Regola vuole che se si vuole colpire, lo si deve fare senza mettere i manifesti al balcone. Fatto salvo che – dobbiamo essere chiari e certi – uno scontro tra la Russia e l’Occidente è solo dilazionabile, fino a che Putin resterà in questo mondo e quelle fino a d’ora pronunciate paiono solo smargiassate, almeno alle raffinate orecchie occidentali.

I rischi

Eppure, vi sono dei rischi: nel lontano luglio 2022 (le date sono importanti) Limes riportava una intervista con Ivan Preobraženskij, analista geopolitico russo, per il quale Putin paragonava il conflitto in Ucraina alla Grande guerra del Nord contro gli svedesi (1700-21), sottendendo che Lui era il nuovo Pietro il Grande. Di fronte a certe prospettive che appartengono ad una retorica, tutta nazionale, come si dimostra da una ricca pubblicistica russa, il neo-realismo politico, diventa una proiezione dell’irrealtà.

Il confronto posto in essere da Putin è esistenziale e non sistemico, come nelle categorie di Walz. La razionalità degli attori viene a finire, laddove i medesimi parlano lingue concettuali differenti: la storia vs l’algoritmo.

Le critiche alla Nato

Certo, si può argomentare criticamente l’allargamento della Nato ad Est, ma questa opzione è para-scientifica, e non resiste all’esperienza fattuale del confronto. Il confrontarsi sulla opportunità dell’allargamento dell’Alleanza, come competitor sistemico della Russia, è falso sotto due livelli: (1) la Russia è – come diceva Obama – una potenza regionale rispetto alla Nato; (2) la richiesta dell’allargamento venne da Est, proprio da quei Paesi che conoscevano la Russia e dalla quale volevano fuggire.
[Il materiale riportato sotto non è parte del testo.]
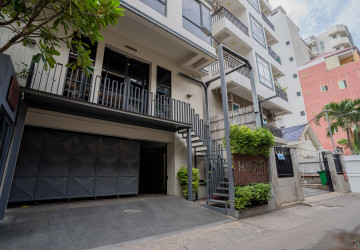 Duplex 3 Bedroom Serviced Apartment For Rent - Tonle Bassac, Phnom Penh thumbnail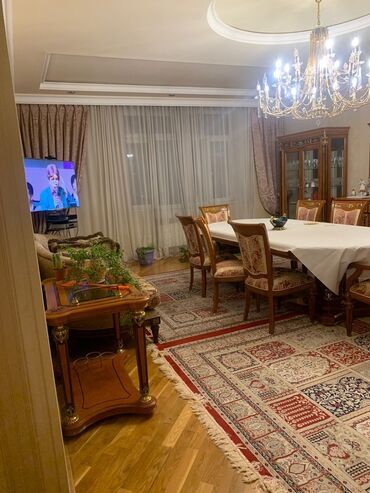 Ev üçün digər mebel: Masa və oturacaqlar, Kredit yoxdur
Allargando la proiezione non può sfuggire che la formazione dell’Alleanza Atlantica e quella della Unione europea seguono le medesime direttrici; anzi, rafforzando il tema e – ahimè – ponendo sullo sfondo i padri fondatori, è facile dire che la seconda dipenda dalla prima.

Sarebbe bello pensare che un trattato “firmato” dalla Russia possa essere rispettato. Nulla di più improbabile. Vi sono prove: si potrebbe citare il recente caso del 1994. Ma andando indietro nell’esperienza storica, fino al parossismo, così cara al botulinato autocrate del Cremlino, ecco ricordare Ivan III ed i suoi falsi accordi con la Repubblica di Peskov (XV sec.) o quelli sull’influenza, divenuta poi occupazione della Crimea e parte dell’Ucraina da parte di Caterina la Grande (XVIII). Basterebbe vedere la mappa dell’Ucraina posta di fronte alla Conferenza di pace di Parigi del 1919, 30 per cento più grande dell’Ucraina del 2014.

Ritornando alla sostanza: la Russia propone una nuova dottrina nucleare? I russi sono grandi giocatori di scacchi; ma gli americani sono giocatori di poker: vediamo le carte!